** Opening DATA SHOWN block **
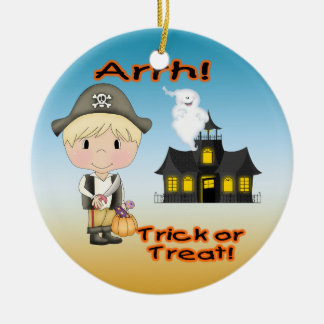 Halloween-Piraten-Jungen-runde Verzierung Keramikornament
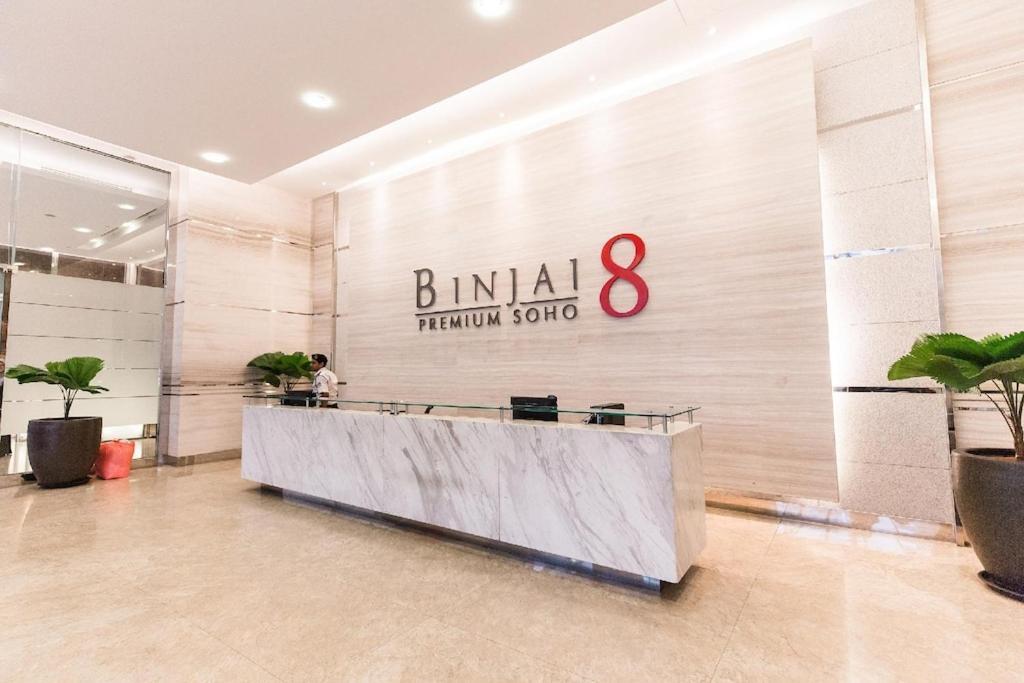 KLCC Binjai 8 Premium Soho Apartment by Sarah's Lodge Kuala Lumpur Bagian luar foto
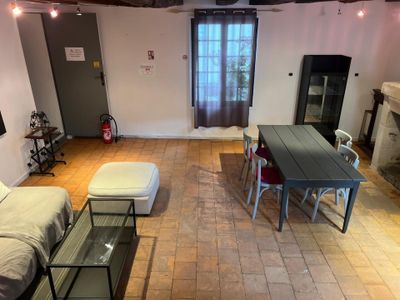un salon avec un canapé et une table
** Closing DATA SHOWN block **
Since the pictures are not wanted, give the material again exactly without them.

RESULT OF THE EXERCISE:
 Halloween-Piraten-Jungen-runde Verzierung Keramikornament
 KLCC Binjai 8 Premium Soho Apartment by Sarah's Lodge Kuala Lumpur Bagian luar foto
un salon avec un canapé et une table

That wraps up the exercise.